Сходные впечатления вынес в те годы из контактов с Шагалом искусствовед А. Ромм. В своих неопубликованных воспоминаниях он пишет, что его особенно поразила способность художника удивляться обычным вещам, как будто он «только что воплотился».

В Париже Шагал испытал, по его выражению, «революцию видения» (или «революцию глаза»), суть которой состояла в том, что он научился мыслить более автономно от натурного мотива, свободно высказываться о мире, используя язык пластики, цвета и света, который обретал в его работах всю силу своей выразительности. В живописи Шагала тех лет ощутимы влияния фовизма, кубизма и кубофутуристического стиля Р. Делоне и близких ему художников, который Аполлинер окрестил «орфизмом» (в силу его «музыкальности» и потому, что в нем, как в античном орфизме, сочетались организующее — «аполлоническое» и стихийное — «дионисийское» начала). Позже образ Орфея будет не раз возникать в работах Шагала как олицетворение способности художника проникать в процессе творчества в глубины подсознания, верности в любви и потребности оглядываться назад — в прошлое.

Однако, соприкасаясь со всеми направлениями, Шагал оставался в искусстве авангарда резко обособленным. Он был не похож на других не только кругом образов, почти не выходивших за пределы Витебска, но также — варварской экспрессией стиля, «сумасшедшим», по собственному определению, цветом, пониманием искусства как, в первую очередь, «выражения состояния души». В отличие от фовистов, Шагал не создавал образы, в которых время спрессовывалось в мгновение, а показывал развернутую во времени картину мира. От кубистов он отличался тем, что, стремясь к образным обобщениям, не собирался жертвовать для них предметностью бытия. Как писал Сандрар, «он корову берет — и коровой рисует, церковь берет — и ею рисует»[62]. В произведениях тех лет реальность представала многоплановой, дискретной и единой, от микрочастиц до звезд, и при этом сохраняющей в своей материальности духовную первооснову. Каждое изображение являлось и проекцией души, и моделью космоса, где верх и низ относительны, постоянно меняются местами. Но, может быть, главное отличие Шагала от других мастеров «парижской школы» заключалось в глубинной религиозной направленности творчества. Своей задачей он считал демонстрацию чуда, скрытого за привычным распорядком вещей, и, выполняя эту задачу, нарушал порядок и взрывал устоявшуюся поверхность явлений. К миссии художника относился с глубокой серьезностью, рассматривая его как «посланца», при этом не просто приносящего на землю весть о небе, а усматривающего ее в самих земных вещах. Отсюда — приземленность и одновременно экстатичность персонажей, контрастность цветовых и световых отношений, взрывчатость, асимметричность и центробежность композиционных построений. В работах 1910-х годов, как и в последующих, диагональные композиции подчеркивают стремительность движения, горизонтальные воплощают идею перемещения не только в пространстве, но и во времени, а вертикальные — схождения и восхождения, связи чувственного и сверхчувственного (недаром один из любимых образов позднего Шагала — «лестница Иакова»).
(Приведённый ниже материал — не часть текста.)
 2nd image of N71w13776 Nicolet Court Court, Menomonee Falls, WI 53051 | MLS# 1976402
Хотя произведения первого парижского периода имели ярко выраженную метафизическую окраску, в них явственно слышался гул исторического времени. С энергией, почти не имеющей аналогий, Шагал воплотил предчувствия надвигающихся катастроф, которые вскоре откроют собой, по слову поэта, «некалендарный, настоящий двадцатый век».

Война помешала художнику вернуться в Париж после поездки в 1914 году на родину, но позже он будет благодарить судьбу за свое «пребывание в России в годы войны и революции, как и за пребывание во Франции в переломные для искусства годы»[63].
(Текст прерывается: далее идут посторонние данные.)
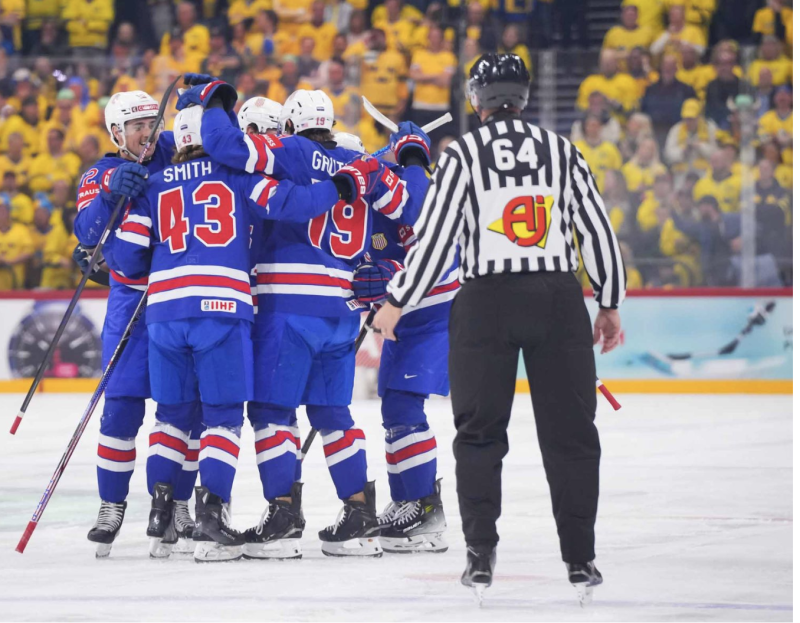 Les Etats-Unis dominent la Suède et joueront la finale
Во время войны, когда сбылись все грозные пророчества, окружающая жизнь более прямо входит в искусство Шагала. Он теперь сильнее ощущает, по словам Мейера, «реальность человеческого», соединяя в образах экспрессию с документализмом (часть произведений 1914–1915 годов он так и называл: документы). Как бы предчувствуя в будущем окончательный разрыв с родиной и разрушение векового уклада, спешит запечатлеть все, что «попадается на глаза»: виды Витебска, портреты близких, еврейских стариков. Война, прямо отраженная в графике, в живописи воплощается в метафорических образах бездомного странника, символа всех еврейских и нееврейских беженцев XX века, разносчика газет — вестника беды, а также еврейского кладбища с пророчески открытыми, как бы приглашающими новых обитателей воротами. Параллельно звучат мажорные темы природы, творчества и любви. Союз с Беллой становится символом союза мужчины и женщины. Он означал для Шагала не просто один из аспектов человеческой жизни, но нечто, лежащее в самой сердцевине бытия, и подобный взгляд имел глубокие национальные корни. Начиная со средневековья присутствие Бога в мире — Шехина — воспринималось как проявление его женской ипостаси, благодаря чему признавалась изначальность разделения полов. Русский философ С. Булгаков писал, что «Шехина, соответствуя женскому началу в божестве, есть, так сказать, субстанция женственности, которую благочестивый иудей имеет в своей жене». Отсюда, по его словам, «апофеоз земного брака и священного деторождения»[64].

У Шагала подруга мужчины всегда содержит в себе нечто ангелическое, а ангелы часто наделяются женскими чертами. Любовь преодолевает дуализм и разобщенность мира, как бы искупая грехопадение. Она объединяет влюбленных в подобие изначального андрогина и при этом несет в себе творческое начало (возлюбленная художника — его муза), обладая, как и творчество, способностью возносить над обыденностью.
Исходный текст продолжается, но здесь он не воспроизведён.